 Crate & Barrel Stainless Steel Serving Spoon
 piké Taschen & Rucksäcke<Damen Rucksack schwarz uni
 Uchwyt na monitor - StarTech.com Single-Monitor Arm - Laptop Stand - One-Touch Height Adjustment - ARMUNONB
---
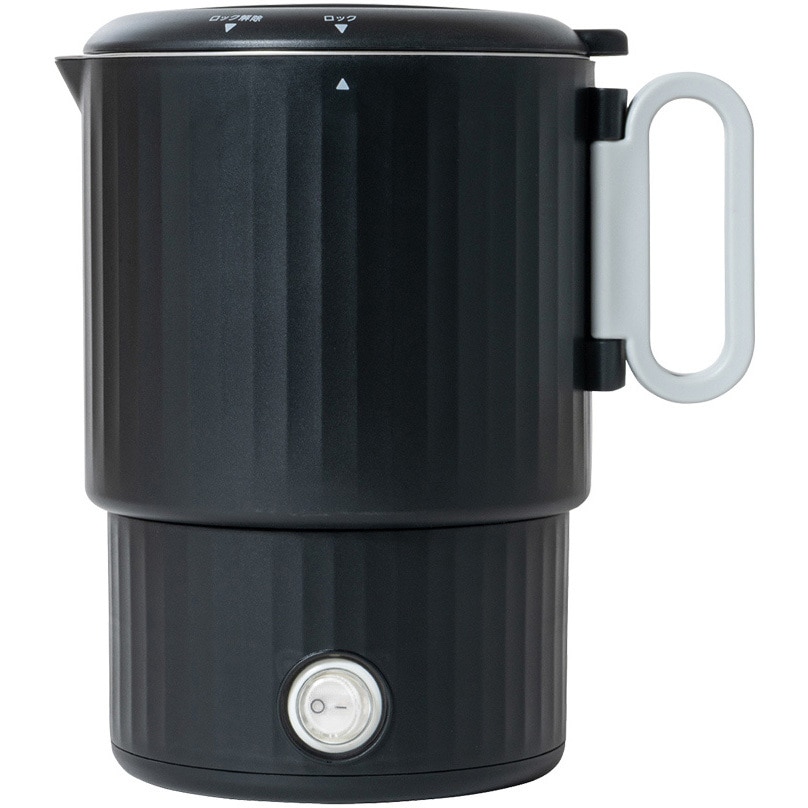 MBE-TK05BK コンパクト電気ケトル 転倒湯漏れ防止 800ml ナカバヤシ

_Exercise directions_.
Within the material above, extract exactly the lines that start at the line containing "Crate & Barrel Stainless Steel Serving Spoon" and stop after the line containing "Uchwyt na monitor", and only those.

_Response_.
 Crate & Barrel Stainless Steel Serving Spoon
 piké Taschen & Rucksäcke<Damen Rucksack schwarz uni
 Uchwyt na monitor - StarTech.com Single-Monitor Arm - Laptop Stand - One-Touch Height Adjustment - ARMUNONB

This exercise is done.